In 1988, Barbara returned to Missouri and once again became active in the state nurses associ­a­tion and her local commu­nity. She served on Congressman Allan Wheat’s Advisory Committee on Health Care, was elected a precinct committee person, a repre­sen­ta­tive to the state party conven­tion, and was chosen as an alter­nate delegate to the National Democ­ratic conven­tion. Always an advocate for access to care, in 1993 she and her daughter took part in the ANA and Families USA sponsored Ambulance Drive for Health Care Reform” by driving an old ambulance in a caravan from North Carolina to Washington DC on the last leg of a series of rallies for health care reform held across the country.

In 1994,she was chosen by ANA as one of two individ­uals to spend three months in Washington, DC as a liaison with the White House on health care legis­la­tion. She was also the chief coordi­nator and member of the White House advance team for a health care rally attended by both Presi­dent and Mrs Clinton and Vice Presi­dent and Mrs. Gore. As a result of that and other activ­i­ties, Barbara was later invited several times to events at the White House, the highlight of which was a State dinner honoring the presi­dent of Greece – her mother’s birthplace.
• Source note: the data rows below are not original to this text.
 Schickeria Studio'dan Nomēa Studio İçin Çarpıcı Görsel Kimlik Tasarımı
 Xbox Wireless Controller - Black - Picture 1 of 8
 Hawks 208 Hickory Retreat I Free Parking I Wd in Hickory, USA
In addition to her involve­ment in state nurses associ­a­tions in Washington, Illinois, Missouri, and now Maryland and the District of Columbia, Barbara has been active in ANA more than forty years. Barbara was first elected a delegate to the ANA conven­tion in 1968, and despite recur­ring health problems, has not missed an ANA House of Delegates meeting since. Over the years, she has served in numerous national positions, including a four-year term as a member of the ANA Board of Direc­tors and two terms as ANA Secre­tary. In 1996, she was elected as member and chair of the ANA Nominating Committee. She is currently serving her second term as chair of the ANA Committee on By-laws.
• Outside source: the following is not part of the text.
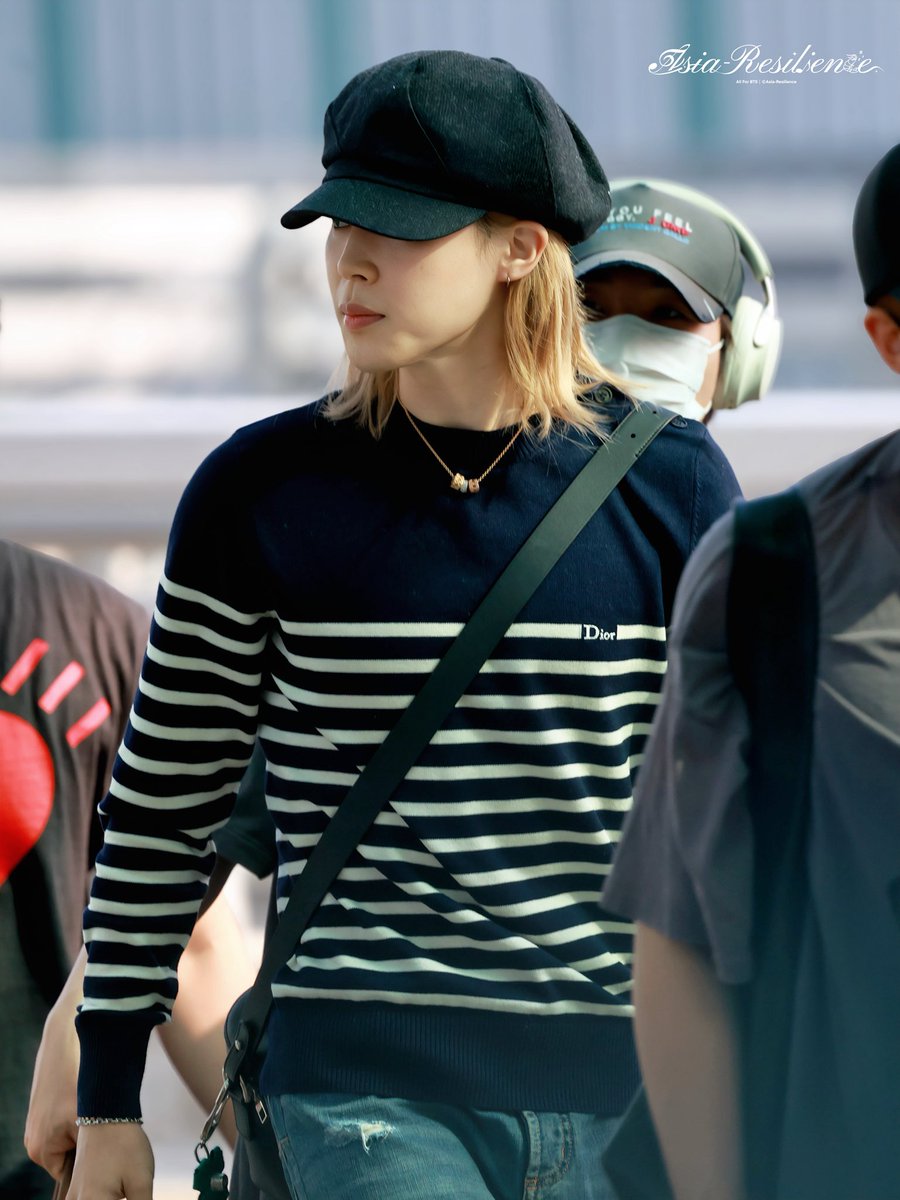 im1JXK's tweet photo. 260731 ✈️✈️✈️
@BTS_twt 
#JIMIN #지민 #BTS #방탄소년단 https://t.co/j2awjdQdk4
A sought-after speaker and teacher, Barbara has presented to dozens of state and district nurses associ­a­tions and univer­si­ties throughout the country and has testi­fied before several state legis­la­tures on health care issues. She has given testi­mony to the Democ­ratic Platform Committee and has testi­fied on a number of occasions before Congress. In addition, she has served as leader of People to People tours to Europe and Japan. In both cases, her group engaged in dialogue with student and profes­sional nurses in the host countries about health care issues in common.
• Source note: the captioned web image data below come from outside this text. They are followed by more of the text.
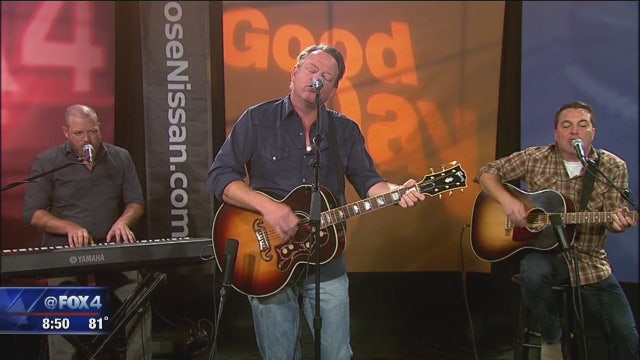 Musical Guest: Pat Green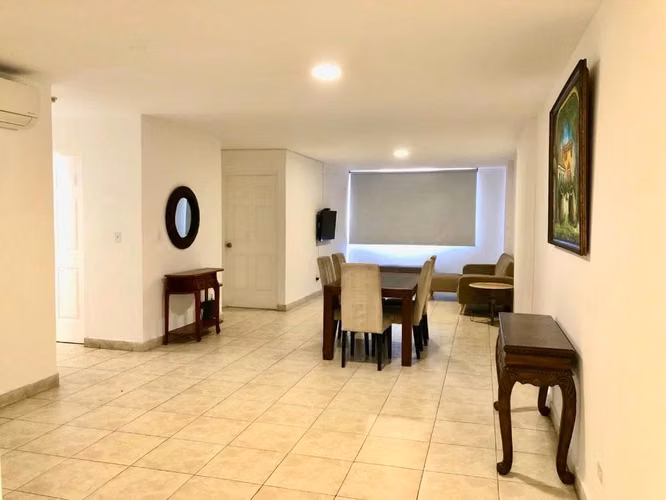 Apartamento en El Cangrejo I amoblado I 3 Rec I con vista a la ciudad y cerca a parque omar - Imagen 3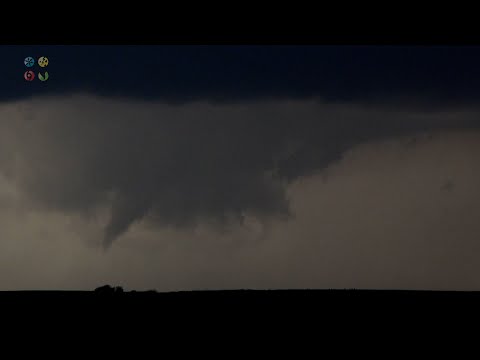 Wall Lake Iowa, Two Funnel Clouds and banded storm structure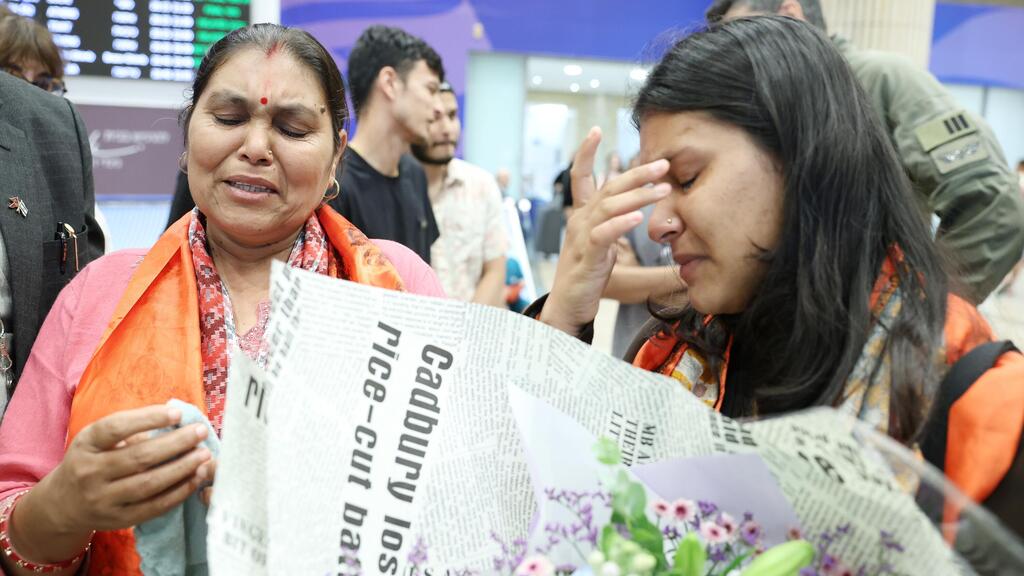 Padma and Pushpa Joshi, mother and sister of hostage Bipin Joshi, arrive at Ben Gurion Airport for their first visit to Israel (Photo: Dana Kopel) פדמה ופושפה ג'ושי, אימו ואחותו של החטוף הנפאלי ביפין ג'ושי בנתב"ג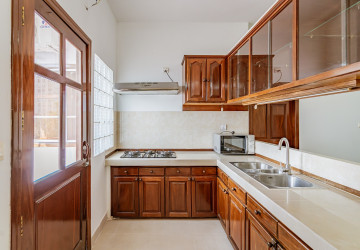 1 Bedroom Serviced Apartment For Rent - BKK1, Phnom Penh thumbnail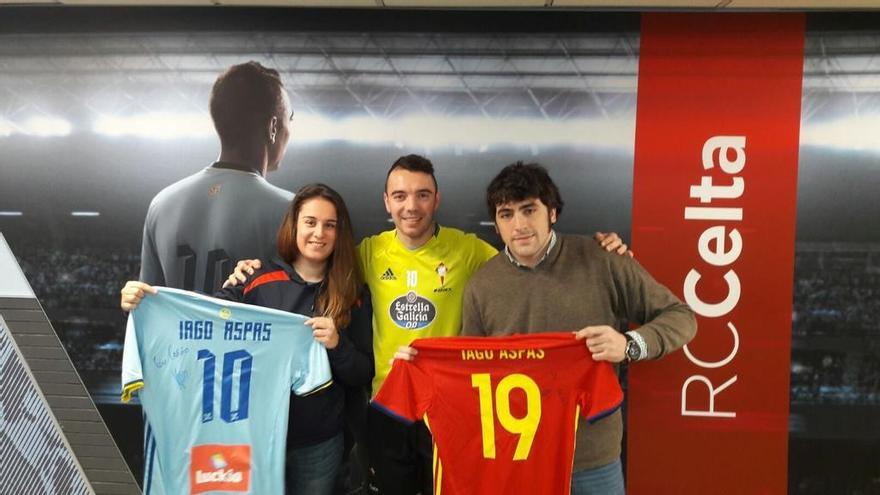 Iago Aspas, con las dos camisetas donadas al Vigo Rugby Club. // FdV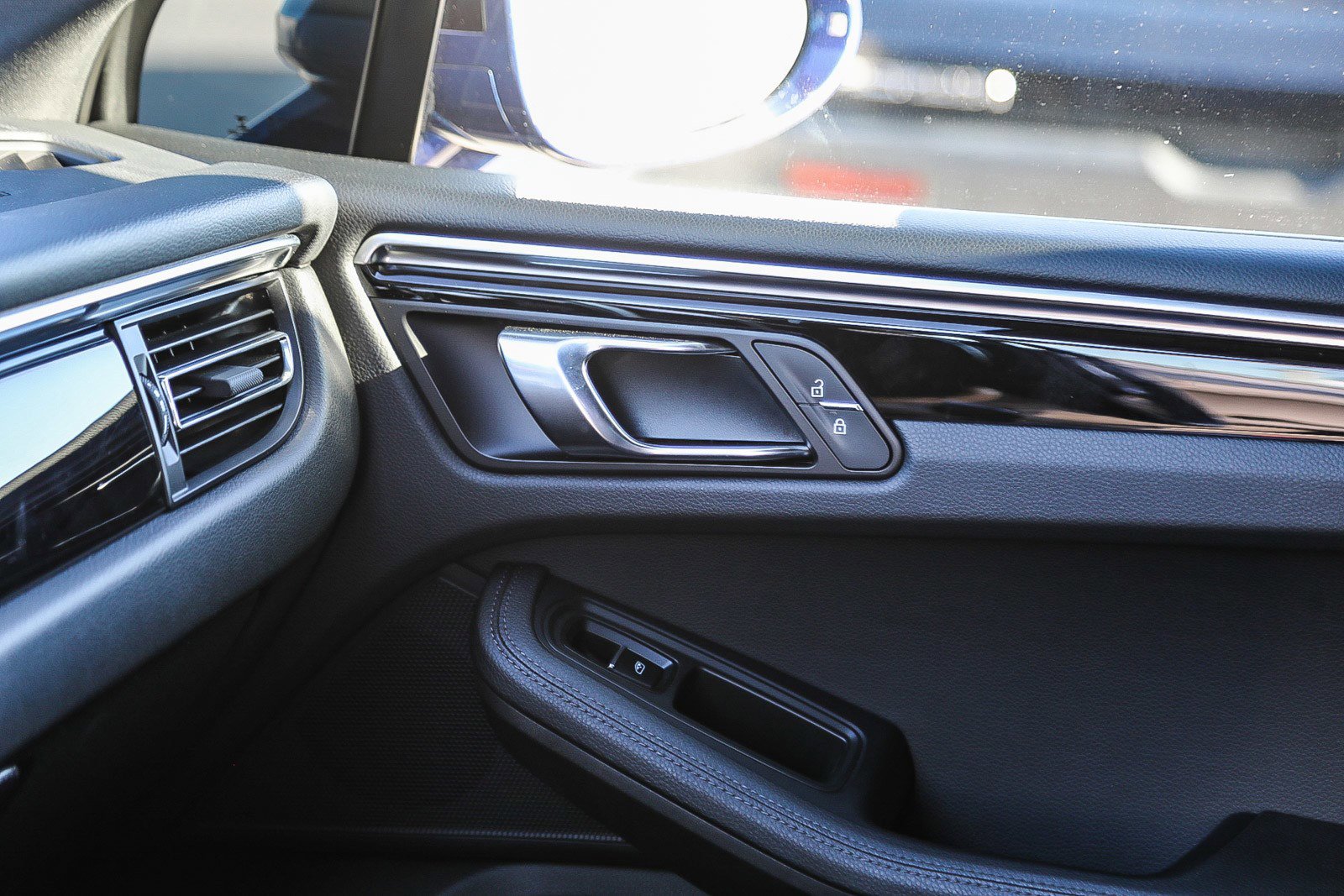 Used 2023 Porsche Macan image 21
Because of her tireless efforts on behalf of her commu­nity, nursing and health­care, Barbara has received numerous honors and awards. In 1974, she was awarded the ANA Honorary Recog­ni­tion Award by WSNA. In 1984, the American Nurses Founda­tion awarded the first Barbara Curtis Schol­ar­ship in her honor. In 1992, the ANA estab­lished the Barbara Thoman Curtis Award, which is given by ANA every two years to a nurse who has made signif­i­cant contri­bu­tions to nursing practice and health policy through polit­ical and legisla­tive activity. In 1994, Barbara was named the first recip­ient of that award.

Since 1995, Barbara has lived in Maryland where she remains active. She is involved in local issues related to acces­si­bility for the handi­capped and last year, Barbara was ordained as a Priest in the Commu­nity of Christ Church. She is now spending her leisure” time as a grand­mother to her four grand­chil­dren, three of whom live in Switzerland.